Short descriptive text snippets =>
☆ ☆ ☆ ☆

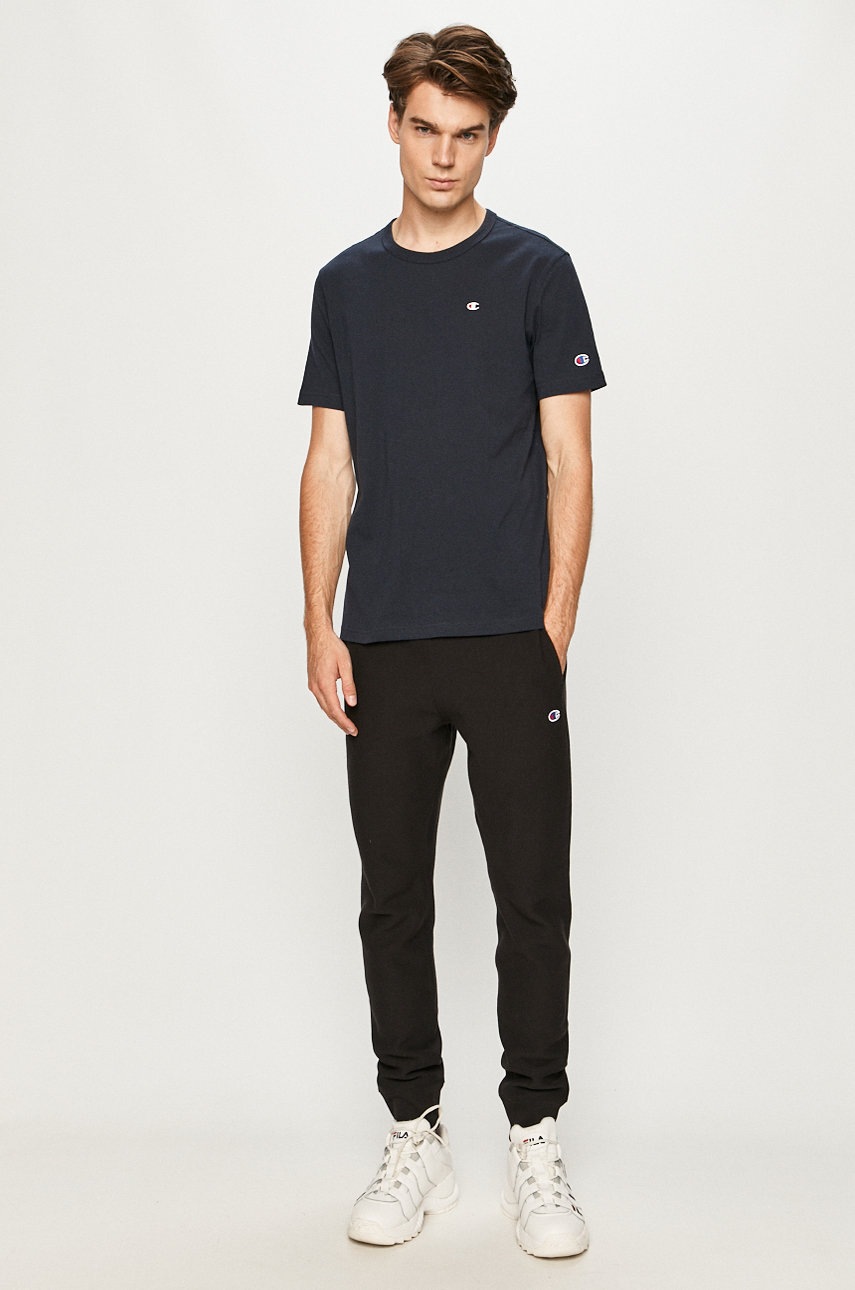 

Champion - Футболка 214674.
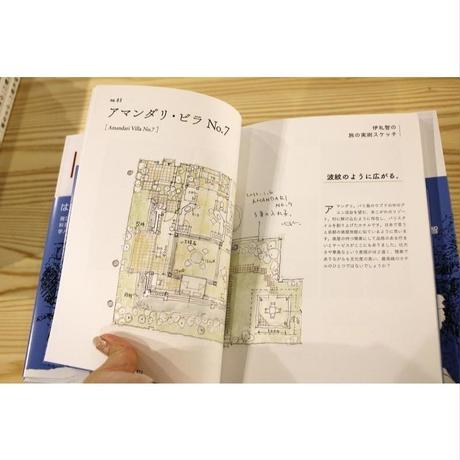 5c3dbc97c3976c19823a4631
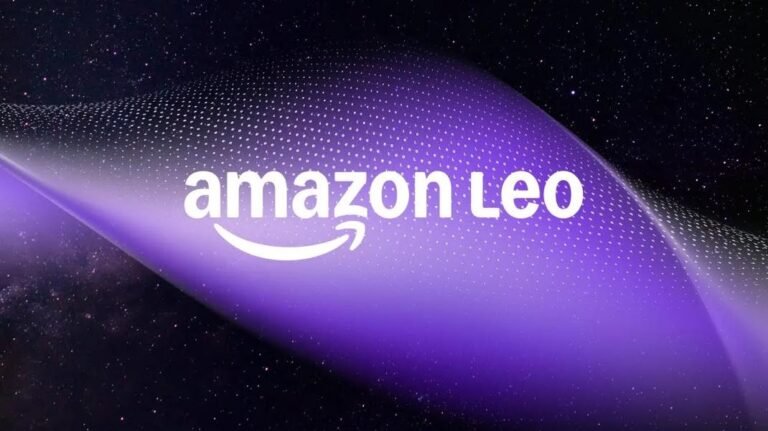 Amazon Leo.jpg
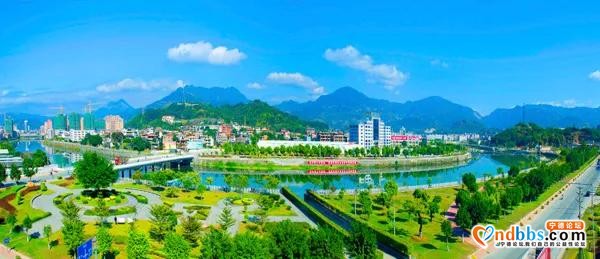 宁德这两地入选国家级示范！快来为家乡打Call-5.jpg
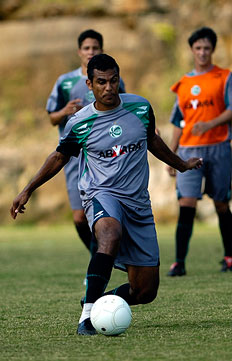  Porthus Junior &nbsp;/&nbsp;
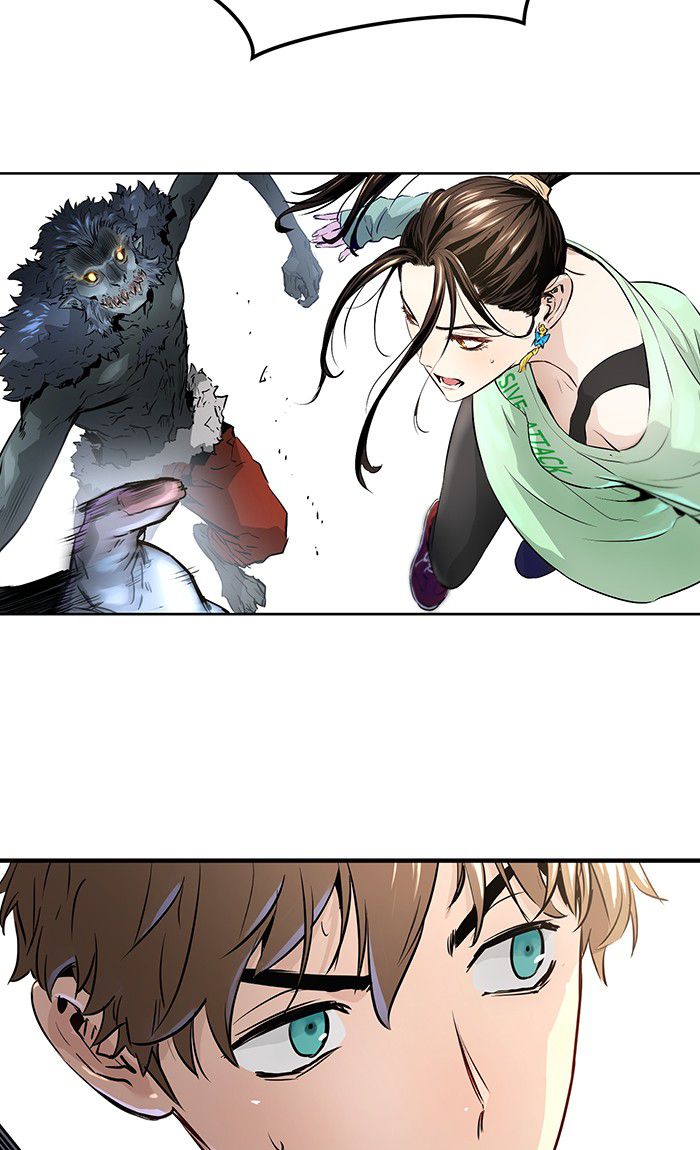 Promised Orchid Chapter 31 - halaman 111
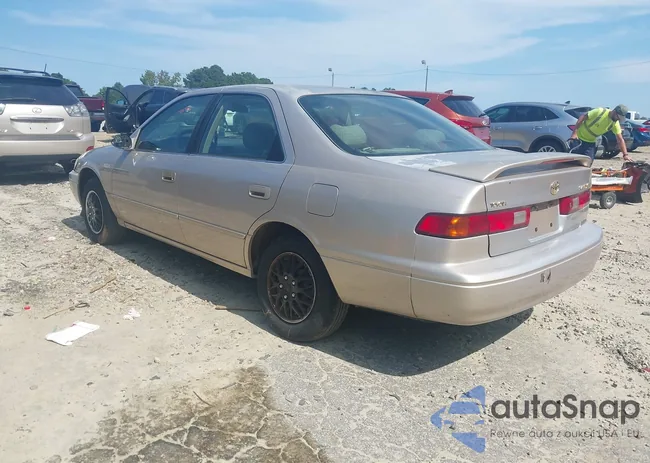 4T1BG22K1XU406852: 43179483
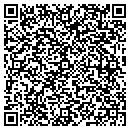 QR code with Frank Pennartz contacts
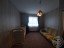 Продажа квартиры Шлиссельбург, Луговая, 4 к. 1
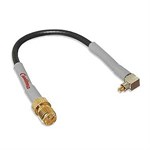 Mc Card Antenna Adapter - Cantenna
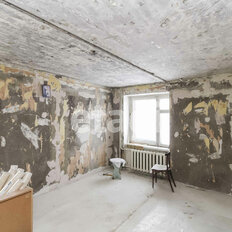 Квартира 35 м², 1-комнатная - изображение 2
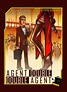 Agent Double Double Agent | Les jeux de société de Bruno Faidutti ...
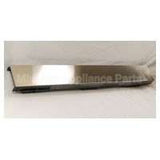 WB07X10451 GE Grille Assy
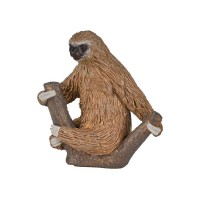 Фигурка KONIK Двупалый ленивец Фигурка KONIK Двупалый ленивец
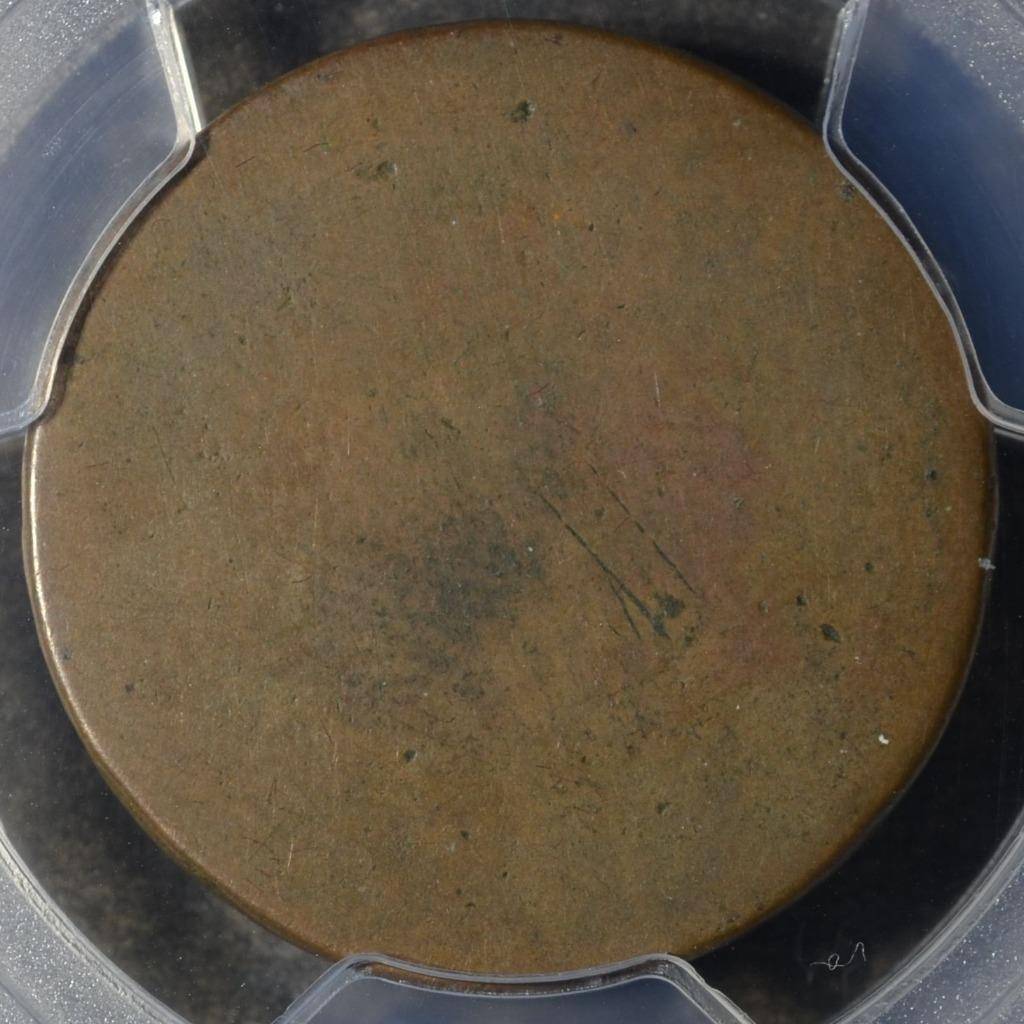 The-65-Days-Of-Old-Copper-Half-And-Large-Cents-Act-4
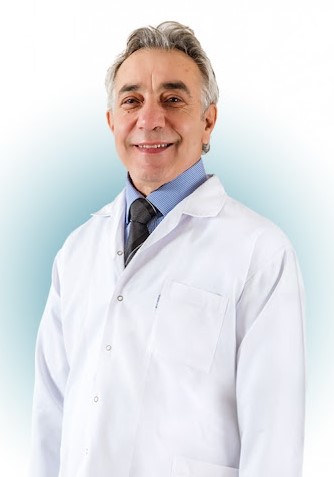 Fahrettin Atalmış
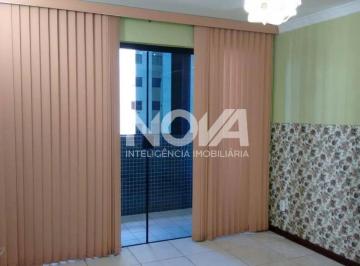 Apartamento de 1 quarto, Águas Claras · Apartamento 1 Quarto - Bahamas Center - Águas Claras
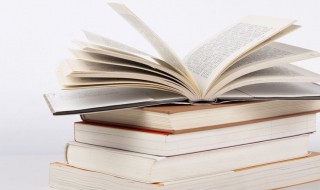 不畏浮云遮望眼下一句是什么 不畏浮云遮望眼下一句是什么诗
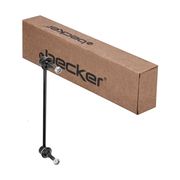 Stange/Strebe, Stabilisator VOLVO V40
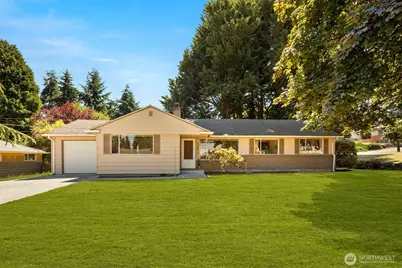 [Address not provided], Edmonds, WA 98026 - Photo 1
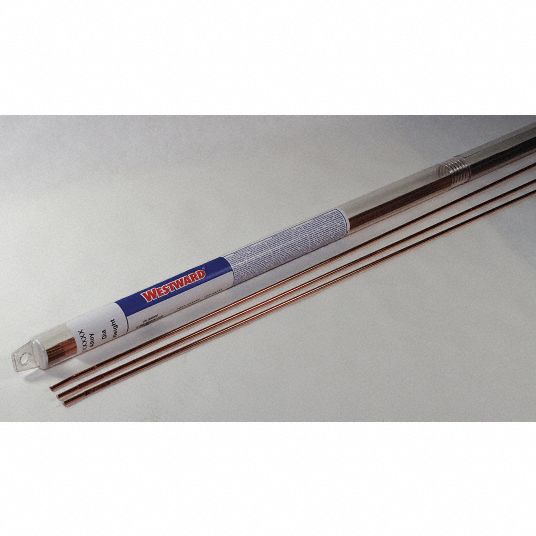 tig pen, tig pen Suppliers and Manufacturers at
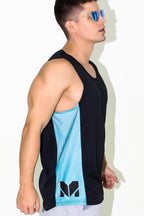 "conjunto deportivo hombre" "camisilla esqueleto hombre" "camisilla de hombre gym"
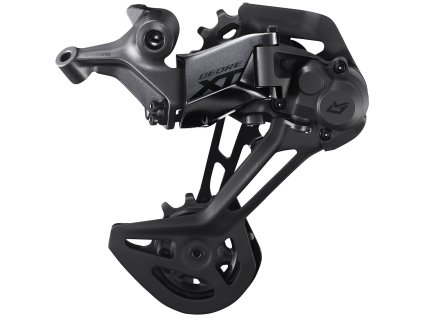SHIMANO RD-M8130-SGS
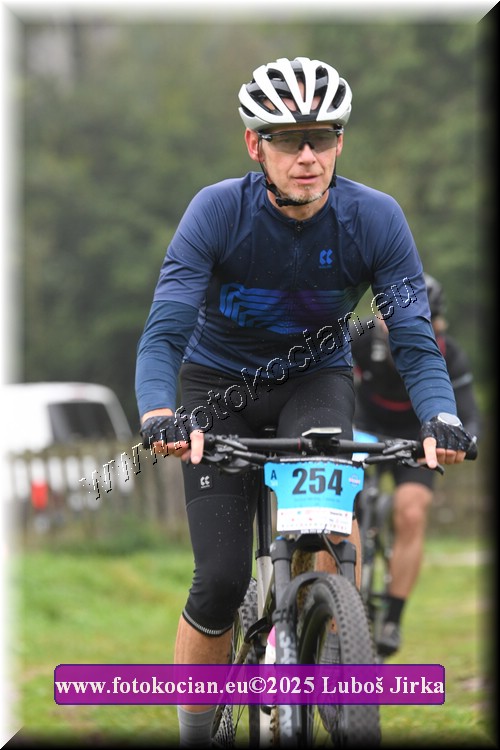 Náhled obrázku: 2025-5402-Sudety-254.JPG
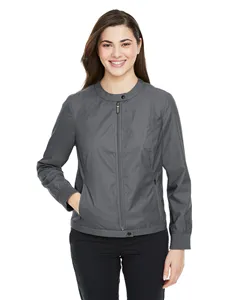 Devon & Jones DG700W Ladies Vision Club Jacket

☆ ☆ ☆ ☆

WORK ORDER => Excluding all pictures, reproduce the records exactly as they appear above.

YOUR SOLUTION =>
Champion - Футболка 214674.
 5c3dbc97c3976c19823a4631
 Amazon Leo.jpg
 宁德这两地入选国家级示范！快来为家乡打Call-5.jpg
  Porthus Junior &nbsp;/&nbsp;
 Promised Orchid Chapter 31 - halaman 111
 4T1BG22K1XU406852: 43179483
 QR code with Frank Pennartz contacts
 Продажа квартиры Шлиссельбург, Луговая, 4 к. 1
 Mc Card Antenna Adapter - Cantenna
 Квартира 35 м², 1-комнатная - изображение 2
 Agent Double Double Agent | Les jeux de société de Bruno Faidutti ...
 WB07X10451 GE Grille Assy
 Фигурка KONIK Двупалый ленивец Фигурка KONIK Двупалый ленивец
 The-65-Days-Of-Old-Copper-Half-And-Large-Cents-Act-4
 Fahrettin Atalmış
 Apartamento de 1 quarto, Águas Claras · Apartamento 1 Quarto - Bahamas Center - Águas Claras
 不畏浮云遮望眼下一句是什么 不畏浮云遮望眼下一句是什么诗
 Stange/Strebe, Stabilisator VOLVO V40
 [Address not provided], Edmonds, WA 98026 - Photo 1
 tig pen, tig pen Suppliers and Manufacturers at
 "conjunto deportivo hombre" "camisilla esqueleto hombre" "camisilla de hombre gym"
SHIMANO RD-M8130-SGS
 Náhled obrázku: 2025-5402-Sudety-254.JPG
 Devon & Jones DG700W Ladies Vision Club Jacket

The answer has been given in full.